● **What the task requires**
From the first line to the last, please write out the data exactly.
● ● ● ●
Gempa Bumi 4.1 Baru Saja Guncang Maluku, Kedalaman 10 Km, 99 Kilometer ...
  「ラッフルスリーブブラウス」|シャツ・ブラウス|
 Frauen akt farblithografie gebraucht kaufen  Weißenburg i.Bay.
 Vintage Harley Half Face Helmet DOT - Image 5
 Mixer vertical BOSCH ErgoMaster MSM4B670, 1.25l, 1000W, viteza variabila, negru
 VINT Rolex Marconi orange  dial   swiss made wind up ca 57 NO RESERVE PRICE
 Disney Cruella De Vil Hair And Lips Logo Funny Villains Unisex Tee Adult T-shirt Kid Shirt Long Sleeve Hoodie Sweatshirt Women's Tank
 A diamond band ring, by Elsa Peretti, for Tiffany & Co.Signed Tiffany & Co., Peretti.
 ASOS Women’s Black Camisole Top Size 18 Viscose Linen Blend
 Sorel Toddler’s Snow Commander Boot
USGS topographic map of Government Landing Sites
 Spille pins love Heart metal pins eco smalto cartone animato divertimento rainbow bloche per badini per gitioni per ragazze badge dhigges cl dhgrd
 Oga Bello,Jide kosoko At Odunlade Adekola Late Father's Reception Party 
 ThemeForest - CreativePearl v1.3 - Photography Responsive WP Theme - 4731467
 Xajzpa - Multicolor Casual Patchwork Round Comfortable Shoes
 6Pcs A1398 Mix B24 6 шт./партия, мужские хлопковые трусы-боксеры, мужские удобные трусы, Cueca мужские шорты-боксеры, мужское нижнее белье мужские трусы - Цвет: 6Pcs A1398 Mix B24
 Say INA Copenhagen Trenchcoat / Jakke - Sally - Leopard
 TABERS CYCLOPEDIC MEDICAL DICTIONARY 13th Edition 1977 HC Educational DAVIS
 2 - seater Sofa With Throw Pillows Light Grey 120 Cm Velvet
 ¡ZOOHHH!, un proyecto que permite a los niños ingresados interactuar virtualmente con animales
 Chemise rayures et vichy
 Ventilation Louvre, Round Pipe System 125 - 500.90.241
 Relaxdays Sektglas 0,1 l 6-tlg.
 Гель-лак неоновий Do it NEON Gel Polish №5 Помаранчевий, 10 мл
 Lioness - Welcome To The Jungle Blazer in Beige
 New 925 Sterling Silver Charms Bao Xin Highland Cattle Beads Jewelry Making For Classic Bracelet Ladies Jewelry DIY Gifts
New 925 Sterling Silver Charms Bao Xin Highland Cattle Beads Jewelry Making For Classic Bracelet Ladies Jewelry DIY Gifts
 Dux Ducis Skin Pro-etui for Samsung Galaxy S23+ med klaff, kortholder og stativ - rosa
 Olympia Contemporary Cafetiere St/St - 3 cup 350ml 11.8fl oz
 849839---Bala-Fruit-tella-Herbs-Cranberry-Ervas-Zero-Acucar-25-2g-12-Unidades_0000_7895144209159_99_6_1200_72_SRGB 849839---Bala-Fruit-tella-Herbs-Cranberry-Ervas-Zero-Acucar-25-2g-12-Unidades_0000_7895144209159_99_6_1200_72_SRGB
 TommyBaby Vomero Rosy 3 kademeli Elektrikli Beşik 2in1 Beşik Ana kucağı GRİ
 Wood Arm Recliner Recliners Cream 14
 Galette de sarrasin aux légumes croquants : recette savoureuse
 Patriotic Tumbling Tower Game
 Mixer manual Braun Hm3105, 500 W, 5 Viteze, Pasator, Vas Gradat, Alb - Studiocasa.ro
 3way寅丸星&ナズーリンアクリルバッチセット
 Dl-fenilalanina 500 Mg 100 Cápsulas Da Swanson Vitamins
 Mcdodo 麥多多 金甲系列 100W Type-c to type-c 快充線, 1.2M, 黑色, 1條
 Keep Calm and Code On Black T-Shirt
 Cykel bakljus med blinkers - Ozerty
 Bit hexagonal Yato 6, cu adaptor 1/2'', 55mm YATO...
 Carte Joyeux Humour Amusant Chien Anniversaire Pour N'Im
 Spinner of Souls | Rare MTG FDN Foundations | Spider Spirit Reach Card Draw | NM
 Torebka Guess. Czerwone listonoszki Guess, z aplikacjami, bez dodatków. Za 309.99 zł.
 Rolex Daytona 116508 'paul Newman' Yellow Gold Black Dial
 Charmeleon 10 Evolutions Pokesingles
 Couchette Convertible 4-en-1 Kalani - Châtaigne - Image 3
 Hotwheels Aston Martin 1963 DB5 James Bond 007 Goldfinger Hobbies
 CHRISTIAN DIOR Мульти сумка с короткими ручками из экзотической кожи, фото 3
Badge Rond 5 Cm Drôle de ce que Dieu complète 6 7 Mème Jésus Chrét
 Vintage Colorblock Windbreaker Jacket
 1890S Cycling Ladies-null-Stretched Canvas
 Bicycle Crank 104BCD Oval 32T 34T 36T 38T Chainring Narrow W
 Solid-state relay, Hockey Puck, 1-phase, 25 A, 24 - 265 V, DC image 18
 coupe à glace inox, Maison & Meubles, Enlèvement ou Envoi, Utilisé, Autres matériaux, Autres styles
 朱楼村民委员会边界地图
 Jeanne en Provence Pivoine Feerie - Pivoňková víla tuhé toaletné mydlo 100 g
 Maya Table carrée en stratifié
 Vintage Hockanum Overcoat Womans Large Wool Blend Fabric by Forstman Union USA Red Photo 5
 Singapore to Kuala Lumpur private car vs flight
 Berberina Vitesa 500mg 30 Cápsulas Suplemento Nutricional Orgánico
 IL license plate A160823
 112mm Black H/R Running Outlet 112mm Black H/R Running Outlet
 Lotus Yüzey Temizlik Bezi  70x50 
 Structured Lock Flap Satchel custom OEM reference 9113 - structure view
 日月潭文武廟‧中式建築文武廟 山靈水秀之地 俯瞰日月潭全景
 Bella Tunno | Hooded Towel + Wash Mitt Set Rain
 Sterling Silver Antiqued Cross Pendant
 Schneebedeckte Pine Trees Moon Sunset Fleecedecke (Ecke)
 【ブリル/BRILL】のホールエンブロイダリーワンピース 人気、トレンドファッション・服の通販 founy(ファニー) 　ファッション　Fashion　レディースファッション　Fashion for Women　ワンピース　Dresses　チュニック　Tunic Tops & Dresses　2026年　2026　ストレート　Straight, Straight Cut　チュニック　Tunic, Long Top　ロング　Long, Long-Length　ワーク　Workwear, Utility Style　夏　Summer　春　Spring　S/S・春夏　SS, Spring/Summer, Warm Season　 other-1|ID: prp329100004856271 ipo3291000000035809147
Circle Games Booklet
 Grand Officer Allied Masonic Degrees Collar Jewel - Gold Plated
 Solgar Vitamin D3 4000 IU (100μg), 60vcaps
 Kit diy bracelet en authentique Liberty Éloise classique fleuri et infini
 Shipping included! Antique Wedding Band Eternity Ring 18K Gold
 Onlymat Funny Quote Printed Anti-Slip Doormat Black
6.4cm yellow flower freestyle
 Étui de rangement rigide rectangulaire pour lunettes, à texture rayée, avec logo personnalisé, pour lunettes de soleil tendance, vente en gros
● ● ● ●
● **Response to this exercise**
Gempa Bumi 4.1 Baru Saja Guncang Maluku, Kedalaman 10 Km, 99 Kilometer ...
  「ラッフルスリーブブラウス」|シャツ・ブラウス|
 Frauen akt farblithografie gebraucht kaufen  Weißenburg i.Bay.
 Vintage Harley Half Face Helmet DOT - Image 5
 Mixer vertical BOSCH ErgoMaster MSM4B670, 1.25l, 1000W, viteza variabila, negru
 VINT Rolex Marconi orange  dial   swiss made wind up ca 57 NO RESERVE PRICE
 Disney Cruella De Vil Hair And Lips Logo Funny Villains Unisex Tee Adult T-shirt Kid Shirt Long Sleeve Hoodie Sweatshirt Women's Tank
 A diamond band ring, by Elsa Peretti, for Tiffany & Co.Signed Tiffany & Co., Peretti.
 ASOS Women’s Black Camisole Top Size 18 Viscose Linen Blend
 Sorel Toddler’s Snow Commander Boot
USGS topographic map of Government Landing Sites
 Spille pins love Heart metal pins eco smalto cartone animato divertimento rainbow bloche per badini per gitioni per ragazze badge dhigges cl dhgrd
 Oga Bello,Jide kosoko At Odunlade Adekola Late Father's Reception Party 
 ThemeForest - CreativePearl v1.3 - Photography Responsive WP Theme - 4731467
 Xajzpa - Multicolor Casual Patchwork Round Comfortable Shoes
 6Pcs A1398 Mix B24 6 шт./партия, мужские хлопковые трусы-боксеры, мужские удобные трусы, Cueca мужские шорты-боксеры, мужское нижнее белье мужские трусы - Цвет: 6Pcs A1398 Mix B24
 Say INA Copenhagen Trenchcoat / Jakke - Sally - Leopard
 TABERS CYCLOPEDIC MEDICAL DICTIONARY 13th Edition 1977 HC Educational DAVIS
 2 - seater Sofa With Throw Pillows Light Grey 120 Cm Velvet
 ¡ZOOHHH!, un proyecto que permite a los niños ingresados interactuar virtualmente con animales
 Chemise rayures et vichy
 Ventilation Louvre, Round Pipe System 125 - 500.90.241
 Relaxdays Sektglas 0,1 l 6-tlg.
 Гель-лак неоновий Do it NEON Gel Polish №5 Помаранчевий, 10 мл
 Lioness - Welcome To The Jungle Blazer in Beige
 New 925 Sterling Silver Charms Bao Xin Highland Cattle Beads Jewelry Making For Classic Bracelet Ladies Jewelry DIY Gifts
New 925 Sterling Silver Charms Bao Xin Highland Cattle Beads Jewelry Making For Classic Bracelet Ladies Jewelry DIY Gifts
 Dux Ducis Skin Pro-etui for Samsung Galaxy S23+ med klaff, kortholder og stativ - rosa
 Olympia Contemporary Cafetiere St/St - 3 cup 350ml 11.8fl oz
 849839---Bala-Fruit-tella-Herbs-Cranberry-Ervas-Zero-Acucar-25-2g-12-Unidades_0000_7895144209159_99_6_1200_72_SRGB 849839---Bala-Fruit-tella-Herbs-Cranberry-Ervas-Zero-Acucar-25-2g-12-Unidades_0000_7895144209159_99_6_1200_72_SRGB
 TommyBaby Vomero Rosy 3 kademeli Elektrikli Beşik 2in1 Beşik Ana kucağı GRİ
 Wood Arm Recliner Recliners Cream 14
 Galette de sarrasin aux légumes croquants : recette savoureuse
 Patriotic Tumbling Tower Game
 Mixer manual Braun Hm3105, 500 W, 5 Viteze, Pasator, Vas Gradat, Alb - Studiocasa.ro
 3way寅丸星&ナズーリンアクリルバッチセット
 Dl-fenilalanina 500 Mg 100 Cápsulas Da Swanson Vitamins
 Mcdodo 麥多多 金甲系列 100W Type-c to type-c 快充線, 1.2M, 黑色, 1條
 Keep Calm and Code On Black T-Shirt
 Cykel bakljus med blinkers - Ozerty
 Bit hexagonal Yato 6, cu adaptor 1/2'', 55mm YATO...
 Carte Joyeux Humour Amusant Chien Anniversaire Pour N'Im
 Spinner of Souls | Rare MTG FDN Foundations | Spider Spirit Reach Card Draw | NM
 Torebka Guess. Czerwone listonoszki Guess, z aplikacjami, bez dodatków. Za 309.99 zł.
 Rolex Daytona 116508 'paul Newman' Yellow Gold Black Dial
 Charmeleon 10 Evolutions Pokesingles
 Couchette Convertible 4-en-1 Kalani - Châtaigne - Image 3
 Hotwheels Aston Martin 1963 DB5 James Bond 007 Goldfinger Hobbies
 CHRISTIAN DIOR Мульти сумка с короткими ручками из экзотической кожи, фото 3
Badge Rond 5 Cm Drôle de ce que Dieu complète 6 7 Mème Jésus Chrét
 Vintage Colorblock Windbreaker Jacket
 1890S Cycling Ladies-null-Stretched Canvas
 Bicycle Crank 104BCD Oval 32T 34T 36T 38T Chainring Narrow W
 Solid-state relay, Hockey Puck, 1-phase, 25 A, 24 - 265 V, DC image 18
 coupe à glace inox, Maison & Meubles, Enlèvement ou Envoi, Utilisé, Autres matériaux, Autres styles
 朱楼村民委员会边界地图
 Jeanne en Provence Pivoine Feerie - Pivoňková víla tuhé toaletné mydlo 100 g
 Maya Table carrée en stratifié
 Vintage Hockanum Overcoat Womans Large Wool Blend Fabric by Forstman Union USA Red Photo 5
 Singapore to Kuala Lumpur private car vs flight
 Berberina Vitesa 500mg 30 Cápsulas Suplemento Nutricional Orgánico
 IL license plate A160823
 112mm Black H/R Running Outlet 112mm Black H/R Running Outlet
 Lotus Yüzey Temizlik Bezi  70x50 
 Structured Lock Flap Satchel custom OEM reference 9113 - structure view
 日月潭文武廟‧中式建築文武廟 山靈水秀之地 俯瞰日月潭全景
 Bella Tunno | Hooded Towel + Wash Mitt Set Rain
 Sterling Silver Antiqued Cross Pendant
 Schneebedeckte Pine Trees Moon Sunset Fleecedecke (Ecke)
 【ブリル/BRILL】のホールエンブロイダリーワンピース 人気、トレンドファッション・服の通販 founy(ファニー) 　ファッション　Fashion　レディースファッション　Fashion for Women　ワンピース　Dresses　チュニック　Tunic Tops & Dresses　2026年　2026　ストレート　Straight, Straight Cut　チュニック　Tunic, Long Top　ロング　Long, Long-Length　ワーク　Workwear, Utility Style　夏　Summer　春　Spring　S/S・春夏　SS, Spring/Summer, Warm Season　 other-1|ID: prp329100004856271 ipo3291000000035809147
Circle Games Booklet
 Grand Officer Allied Masonic Degrees Collar Jewel - Gold Plated
 Solgar Vitamin D3 4000 IU (100μg), 60vcaps
 Kit diy bracelet en authentique Liberty Éloise classique fleuri et infini
 Shipping included! Antique Wedding Band Eternity Ring 18K Gold
 Onlymat Funny Quote Printed Anti-Slip Doormat Black
6.4cm yellow flower freestyle
 Étui de rangement rigide rectangulaire pour lunettes, à texture rayée, avec logo personnalisé, pour lunettes de soleil tendance, vente en gros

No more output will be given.